■ WHAT IS REQUIRED
Take the records below from their first line through the line holding "Photo Studio With", and set each of those lines down exactly, without pictures.
ENTRIES PROVIDED Block Start
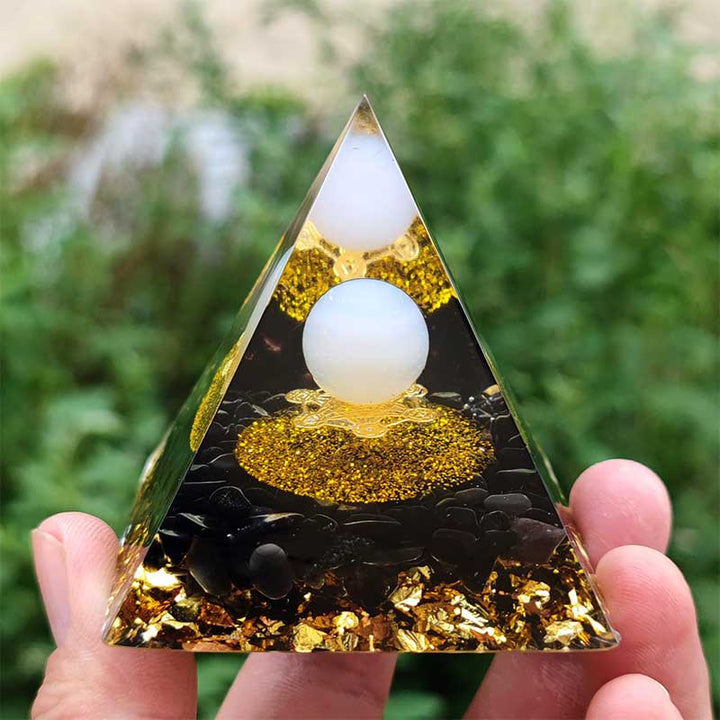 Sphère d'agate blanche Olivenorma avec pyramide d'orgone en obsidienne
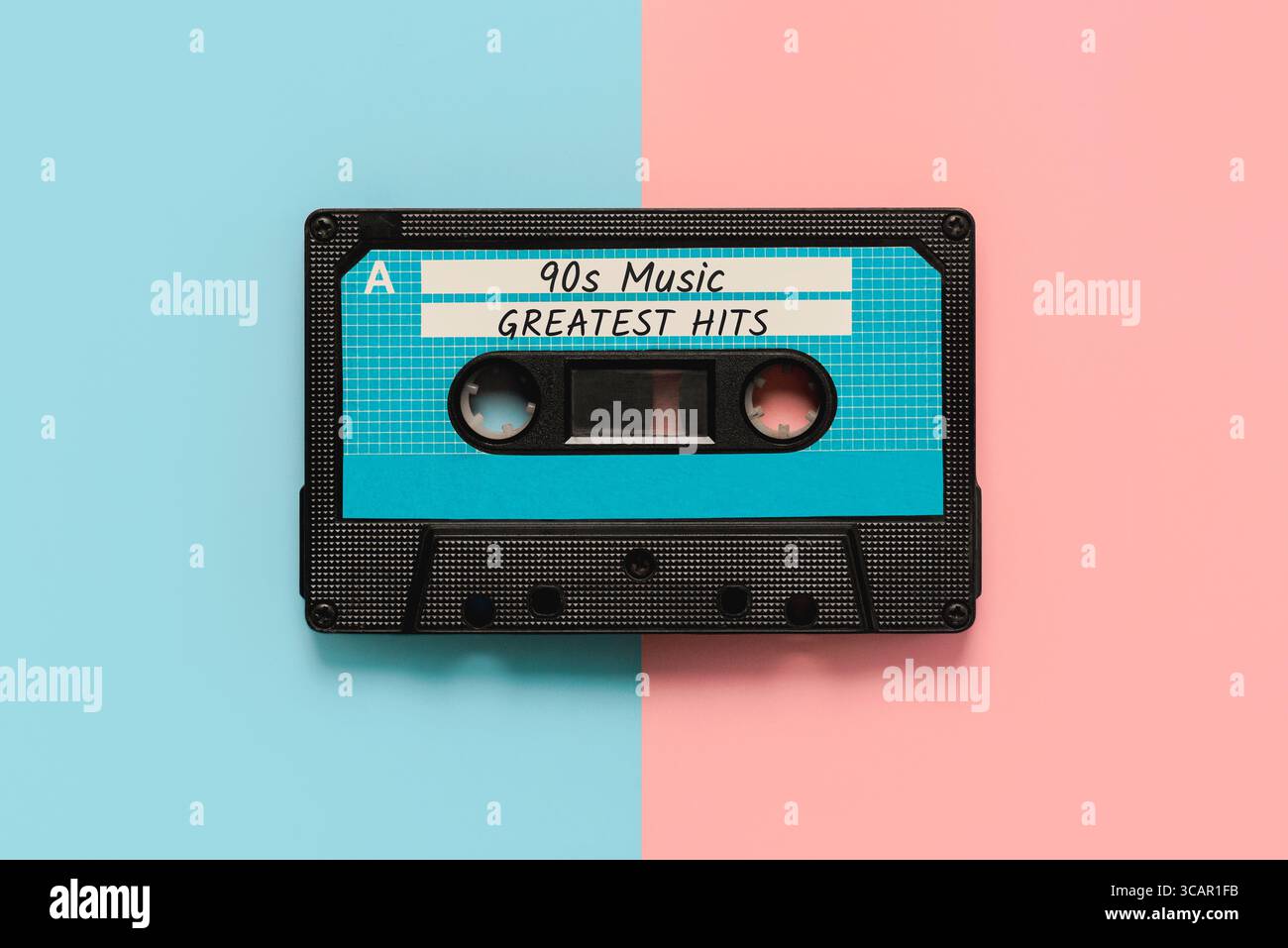 Top view of vintage audio cassette tape with the text 90s music greatest hits over pink and blue background. Retro music concept Stock Photo
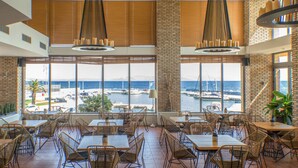 Um restaurante com grandes janelas de frente para uma marina e o mar.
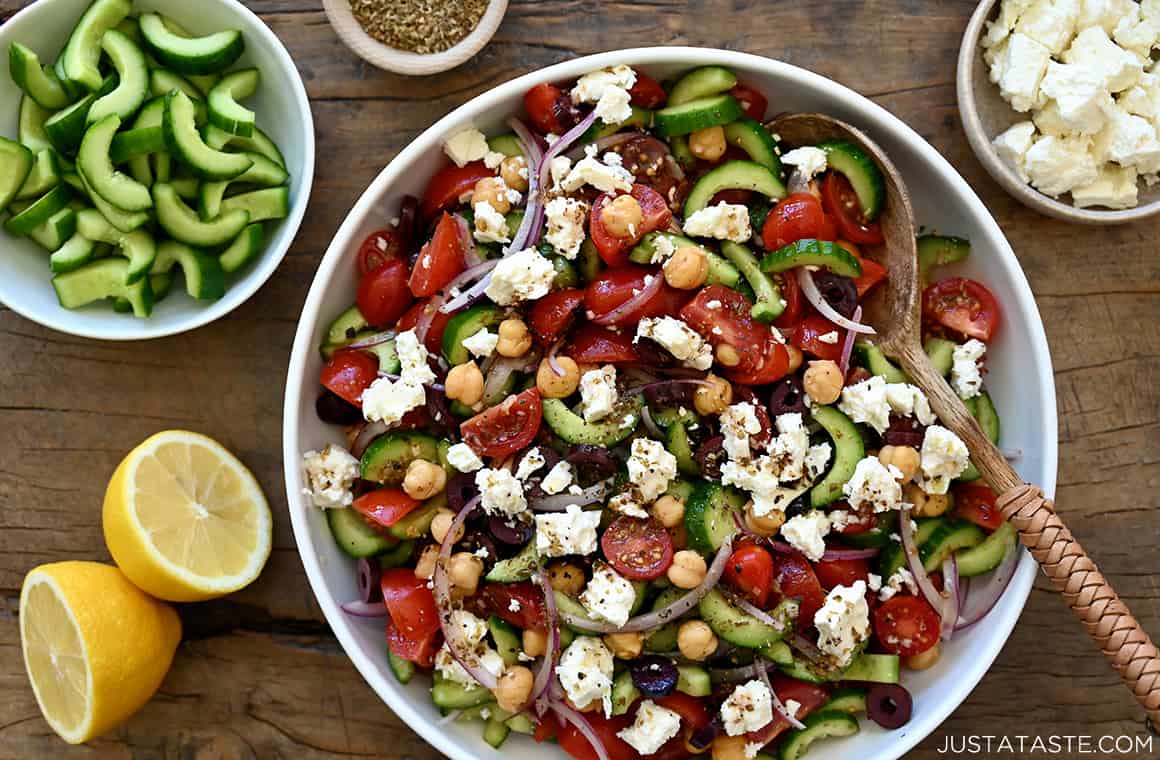 Cucumber, Tomato and Chickpea Salad with black olives and feta cheese in a white serving bowl with a wooden spoon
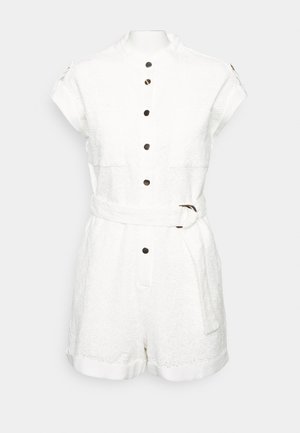 White short-sleeve jumpsuit with a textured pattern, front button closure, two chest pockets, and a belted waist.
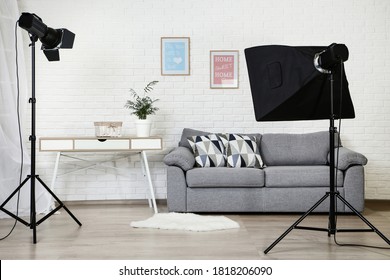 Photo Studio With Professional Equipment And Home Interior On Brick Wall Background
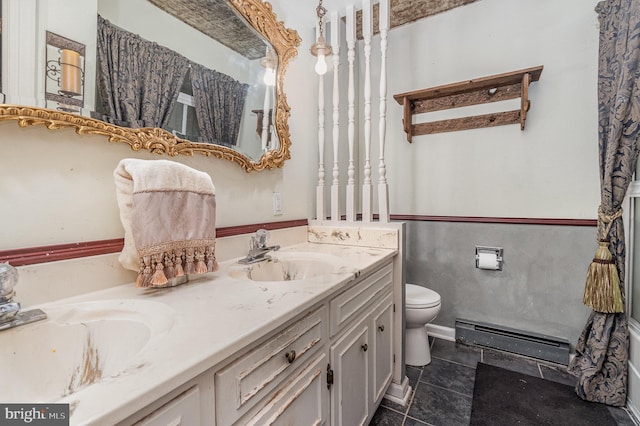 1554 Williams Grove Rd, Mechanicsburg, PA 17055 - bathroom featuring a baseboard radiator, double vanity, toilet, and tile patterned flooring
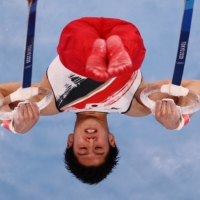 Daiki Hashimoto of Japan performs on the rings during the men\'s team final at Ariake Gymnastics Centre on Monday.  | REUTERS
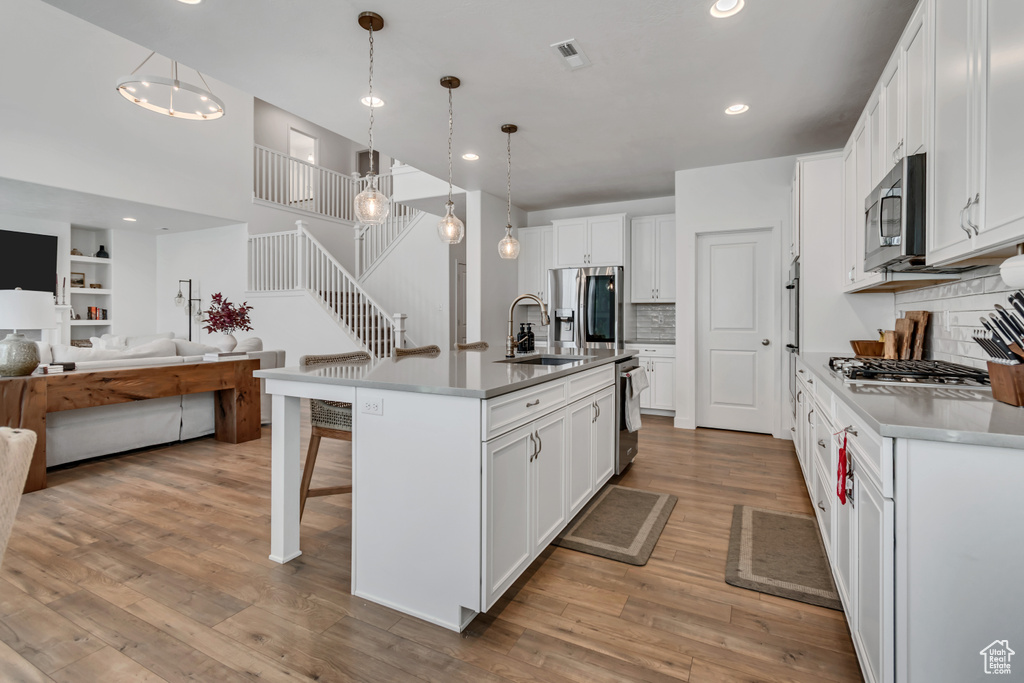 Kitchen with stainless steel appliances, a kitchen breakfast bar, open floor plan, decorative backsplash, and white cabinets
ENTRIES PROVIDED Block End
■ YOUR SOLUTION
 Sphère d'agate blanche Olivenorma avec pyramide d'orgone en obsidienne
 Top view of vintage audio cassette tape with the text 90s music greatest hits over pink and blue background. Retro music concept Stock Photo
 Um restaurante com grandes janelas de frente para uma marina e o mar.
 Cucumber, Tomato and Chickpea Salad with black olives and feta cheese in a white serving bowl with a wooden spoon
 White short-sleeve jumpsuit with a textured pattern, front button closure, two chest pockets, and a belted waist.
 Photo Studio With Professional Equipment And Home Interior On Brick Wall Background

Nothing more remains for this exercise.